LG Develops AI to Combat Virtual Reality Nausea

Ever since VR technology began tiptoeing toward a wider market with the launch of Kickstarters for projects like the Oculus Rift, an unwelcome presence has wafted across the technology: nausea. Put simply, virtual reality makes some people seasick. It’s the reason why you’ll see the press and reviewers emphasize the importance of high frame rates. It’s why you’ll often see games with limited mobility or titles that warp you from location to location. And it’s why game developers frequently recommend taking breaks from VR titles and only playing for small amounts of time, at least at first. Now, LG thinks it can use an AI to take some of the nausea out of gaming, possibly improving player uptake in the process.

One of the principle problems with VR is that the same high-resolution techniques that can reduce nausea directly hit frame rates. At a distance of just a few inches, even 4K screens aren’t necessarily enough to avoid the screen door effect — and no VR headset currently on the market can push 4K at the 90fps targets experts often suggest are best-practices in virtual reality. Brute-forcing the problem is possible, but drives system cost up and makes wireless hardware a pipe dream, given that nobody is going to be packing a GTX 1080 Ti GPU into a smartphone any time this decade.

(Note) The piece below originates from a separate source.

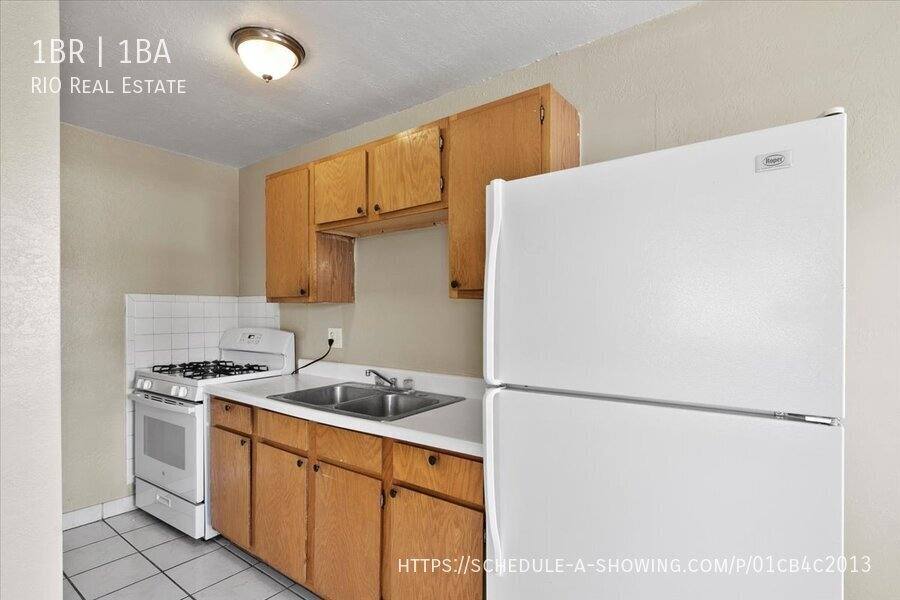 Apartment for rent at 3151 Eliot St #3165, Denver, CO 80218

LG’s work with Sogang University suggests an alternate approach that’s much more bandwidth and battery-friendly, by building high-resolution images from low resolution initial starting points. According to Business Korea, using low-resolution initial assets and then constructing high-resolution final targets via AI slashed introduced photon latency and motion blur to one-fifth of current levels or less. The same team also built a precision motor system and improved optics based on the human visual cortex to improve the ability of experts to model how VR is used by humans.

Kang Seok-ju (middle) and his students. Photo by Business Korea.
Kang Seok-ju (middle) and his students. Photo by Business Korea.

“[T]his study developed a semiconductor which accelerates with low power realized through AI without an expensive GPU in a VR device,” said professor Kang Seok-ju of the Department of Electronics Engineering at Sogang University, who worked on the study over the past three years.

It’s difficult to judge just how much drag nausea exerts on the VR market, which seems somehow fitting given that we aren’t actually sure why humans get nauseated and throw up in the first place. The leading theory is that nausea results from a mismatch between the visual system (which, in VR, believes that you are moving) and reports from other components of the proprioceptive system, which reports that you aren’t. What we do know is that conditioned taste aversion — the phenomena in which we avoid certain foods after experiencing an aversive response involving nausea, sickness, or vomiting — is quite strong. We’re not very particular about it, either. As Wikipedia notes, a person who eats sushi and then goes on a roller coaster and experiences severe nausea may still wind up with an aversion to sushi, despite knowing that it was the roller coaster that actually caused the problem.

How much does this practically impact VR adoption? In the short-term, not much. The impact of high pricing and limited support are going to be far more important in the near term. That said, the difficulty of making games without making people barf probably does put some limits on what developers are willing to risk. There’s precious little upside to building a game that makes 10 percent (or even one percent) of your player base upchuck in the age of social media and YouTube reaction videos. No game studio in its right mind wants to be known as the firm behind “Unintentionally Blowing Chunks VII: Battle Royale” or whatever the equivalent would be. And given that LG isn’t currently a major player in this space, it’s not clear if any technological breakthrough would be incorporated into future products or licensed by other firms to use in their own hardware.